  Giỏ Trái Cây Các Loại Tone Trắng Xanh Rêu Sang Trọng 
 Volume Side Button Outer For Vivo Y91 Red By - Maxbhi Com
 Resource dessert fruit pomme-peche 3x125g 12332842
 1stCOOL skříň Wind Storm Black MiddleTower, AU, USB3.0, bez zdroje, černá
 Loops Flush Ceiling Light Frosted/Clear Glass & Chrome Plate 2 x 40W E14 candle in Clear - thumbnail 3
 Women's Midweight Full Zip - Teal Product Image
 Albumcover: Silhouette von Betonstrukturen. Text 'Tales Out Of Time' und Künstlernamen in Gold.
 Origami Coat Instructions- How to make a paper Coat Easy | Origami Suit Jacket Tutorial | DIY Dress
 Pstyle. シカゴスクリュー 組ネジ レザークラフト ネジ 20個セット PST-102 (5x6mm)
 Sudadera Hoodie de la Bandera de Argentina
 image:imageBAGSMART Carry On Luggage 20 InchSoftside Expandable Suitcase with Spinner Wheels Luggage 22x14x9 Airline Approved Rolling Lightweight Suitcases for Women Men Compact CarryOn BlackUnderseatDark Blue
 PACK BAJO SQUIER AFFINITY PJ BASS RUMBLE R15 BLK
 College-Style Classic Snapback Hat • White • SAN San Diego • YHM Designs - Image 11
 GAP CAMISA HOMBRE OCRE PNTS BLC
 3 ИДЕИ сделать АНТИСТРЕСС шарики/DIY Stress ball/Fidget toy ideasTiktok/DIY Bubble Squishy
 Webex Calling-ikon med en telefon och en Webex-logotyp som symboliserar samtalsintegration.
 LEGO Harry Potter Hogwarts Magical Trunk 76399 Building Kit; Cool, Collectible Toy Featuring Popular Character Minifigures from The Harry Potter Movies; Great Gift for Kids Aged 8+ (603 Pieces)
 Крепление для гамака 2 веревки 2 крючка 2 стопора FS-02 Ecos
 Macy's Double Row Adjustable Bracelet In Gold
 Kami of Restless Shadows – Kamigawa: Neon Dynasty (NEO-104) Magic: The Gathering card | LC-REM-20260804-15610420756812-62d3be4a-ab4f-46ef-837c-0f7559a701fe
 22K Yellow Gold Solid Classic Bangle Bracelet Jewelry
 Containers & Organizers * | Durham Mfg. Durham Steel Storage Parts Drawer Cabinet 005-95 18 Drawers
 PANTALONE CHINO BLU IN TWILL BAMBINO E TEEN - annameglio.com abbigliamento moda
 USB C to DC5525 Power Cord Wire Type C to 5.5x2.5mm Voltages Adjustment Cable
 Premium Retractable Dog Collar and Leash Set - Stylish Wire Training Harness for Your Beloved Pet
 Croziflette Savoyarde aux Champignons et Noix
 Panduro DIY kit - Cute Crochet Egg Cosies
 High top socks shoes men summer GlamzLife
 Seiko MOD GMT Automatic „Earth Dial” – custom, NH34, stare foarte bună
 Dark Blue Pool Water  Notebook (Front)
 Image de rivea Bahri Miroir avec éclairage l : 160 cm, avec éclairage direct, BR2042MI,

What is being asked
The data should be printed again exactly, line for line.

Answer
  Giỏ Trái Cây Các Loại Tone Trắng Xanh Rêu Sang Trọng 
 Volume Side Button Outer For Vivo Y91 Red By - Maxbhi Com
 Resource dessert fruit pomme-peche 3x125g 12332842
 1stCOOL skříň Wind Storm Black MiddleTower, AU, USB3.0, bez zdroje, černá
 Loops Flush Ceiling Light Frosted/Clear Glass & Chrome Plate 2 x 40W E14 candle in Clear - thumbnail 3
 Women's Midweight Full Zip - Teal Product Image
 Albumcover: Silhouette von Betonstrukturen. Text 'Tales Out Of Time' und Künstlernamen in Gold.
 Origami Coat Instructions- How to make a paper Coat Easy | Origami Suit Jacket Tutorial | DIY Dress
 Pstyle. シカゴスクリュー 組ネジ レザークラフト ネジ 20個セット PST-102 (5x6mm)
 Sudadera Hoodie de la Bandera de Argentina
 image:imageBAGSMART Carry On Luggage 20 InchSoftside Expandable Suitcase with Spinner Wheels Luggage 22x14x9 Airline Approved Rolling Lightweight Suitcases for Women Men Compact CarryOn BlackUnderseatDark Blue
 PACK BAJO SQUIER AFFINITY PJ BASS RUMBLE R15 BLK
 College-Style Classic Snapback Hat • White • SAN San Diego • YHM Designs - Image 11
 GAP CAMISA HOMBRE OCRE PNTS BLC
 3 ИДЕИ сделать АНТИСТРЕСС шарики/DIY Stress ball/Fidget toy ideasTiktok/DIY Bubble Squishy
 Webex Calling-ikon med en telefon och en Webex-logotyp som symboliserar samtalsintegration.
 LEGO Harry Potter Hogwarts Magical Trunk 76399 Building Kit; Cool, Collectible Toy Featuring Popular Character Minifigures from The Harry Potter Movies; Great Gift for Kids Aged 8+ (603 Pieces)
 Крепление для гамака 2 веревки 2 крючка 2 стопора FS-02 Ecos
 Macy's Double Row Adjustable Bracelet In Gold
 Kami of Restless Shadows – Kamigawa: Neon Dynasty (NEO-104) Magic: The Gathering card | LC-REM-20260804-15610420756812-62d3be4a-ab4f-46ef-837c-0f7559a701fe
 22K Yellow Gold Solid Classic Bangle Bracelet Jewelry
 Containers & Organizers * | Durham Mfg. Durham Steel Storage Parts Drawer Cabinet 005-95 18 Drawers
 PANTALONE CHINO BLU IN TWILL BAMBINO E TEEN - annameglio.com abbigliamento moda
 USB C to DC5525 Power Cord Wire Type C to 5.5x2.5mm Voltages Adjustment Cable
 Premium Retractable Dog Collar and Leash Set - Stylish Wire Training Harness for Your Beloved Pet
 Croziflette Savoyarde aux Champignons et Noix
 Panduro DIY kit - Cute Crochet Egg Cosies
 High top socks shoes men summer GlamzLife
 Seiko MOD GMT Automatic „Earth Dial” – custom, NH34, stare foarte bună
 Dark Blue Pool Water  Notebook (Front)
 Image de rivea Bahri Miroir avec éclairage l : 160 cm, avec éclairage direct, BR2042MI,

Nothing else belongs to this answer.